Risk for the banks was high – the capital increases completed in September 2012, though shareholders will not vote to approve the merger until April 2013. Underwriters realised both issues would end undersubscribed, and it would be hard to offload stock at a profit ahead of the merger completing.
“What we are most proud of is the business we have done on mission-critical stuff, rather than just helping a private equity firm liquidating its position”
Rather than walk away, the banks worked backwards from best and worst case outcomes to calculate the necessary reward for the risk. Final fees were understood to be four times those originally outlined.
Again, US banks were absent from the underwriting syndicate, though Goldman Sachs and Morgan Stanley had been involved in the process.
“In the periphery FIG area we have shown our mettle, leading BCP, Sabadell, and being one of the bookrunners on UniCredit – these are all sizeable deals,” said co-head of global syndicate Ed Sankey. “We are still deep in the trenches on Banco Popular, and did Unipol/FondSAI deals when a number of the US banks wouldn’t go near it with a barge pole. But we take a calculated risk on these things.”
Deutsche earned praise for its mature approach from the head of ECM at a firm that worked alongside the bank on some of those risky transactions. No other top-tier bank appeared on southern European financial rights issues as frequently as Deutsche Bank.

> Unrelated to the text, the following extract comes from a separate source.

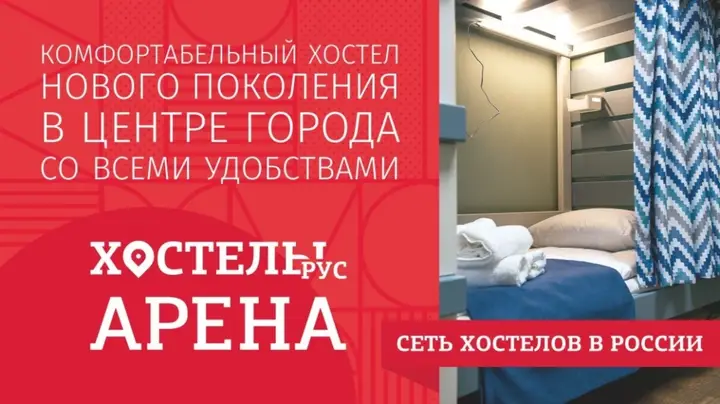 Чебоксары: Хостел Рус-Арена
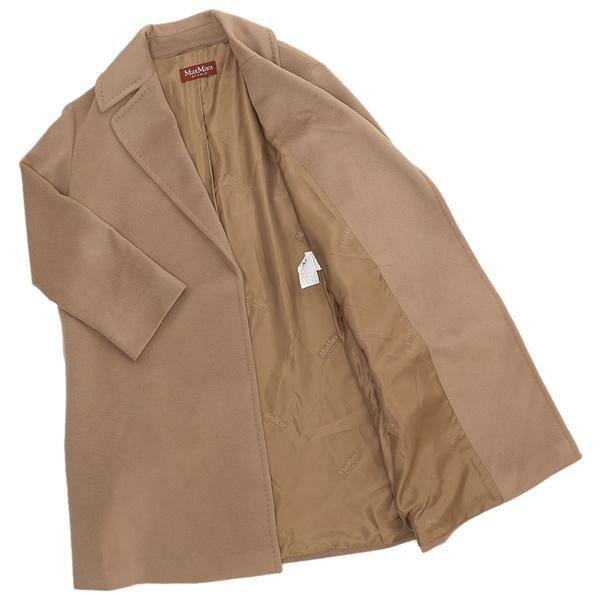 Max Mara マックスマーラ コート タイガー Studio ブラウン Max Mara マックスマーラ コート タイガー Studio ブラウン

“What we are most proud of is the business we have done on mission-critical stuff, rather than just helping a private equity firm liquidating its position,” said Hantho. “When it is a critical deal, nine times out of 10 we are involved in a substantial way. That is what we are doing in the States, Asia and Europe.”
The future’s bright
IPOs continued to be tough in 2012, but a bank needs to lead floats around the world to be a credible global equity house – as well as to build a future client base. In addition to leading deals in the most active sectors in the US, Deutsche was involved in the largest deal in Latin America, helping Santander float its Mexican operations in a US$4.1bn domestic and NYSE IPO.
While it missed the Japan Airlines IPO, Deutsche was on the second, third, fourth and fifth largest trades in Asia-Pacific for Felda Global, IHH, Chow Tai Fook and New China Life Insurance. In Europe, activity was limited to just one US$1bn-plus IPO in the first half of 2012 – for Dutch cable firm Ziggo, where Deutsche was a bookrunner.
“We deliver more than league table credentials. We deliver sensibly priced, well structured deals that offer alpha”
Ziggo and Swiss firm DKSH, which priced its US$991.1m IPO 24 hours earlier with Deutsche at the helm, came to market in March and were the first tests of demand for marketed IPOs in the year. At launch, neither could be assured of success, yet both attracted huge demand and saw banks massively cut back investors to focus stock in the hands of the best quality accounts. On DKSH, half of the 800 orders were zeroed.
The allocation process worked – and both stocks traded well. Ziggo’s IPO is IFR’s EMEA Equity Issue of the Year, and the positive trading performance allowed for two sales by the private equity owners before the year was out.
When investors lack flows into their funds, it is especially critical to lead deals that offer positive return. In Europe, buying a new deal often involved investors selling something else in their portfolio – and a series of Deutsche-led transactions (RWE, Linde and Fresenius, in addition to DKSH and Ziggo) provided that alpha.
“We deliver more than league table credentials. We deliver sensibly priced, well structured deals that offer alpha,” said Deutsche’s Sankey. “This year we have re-cemented what we already had in this time-zone, and it is part of a global ECM push which has paid off in spades.”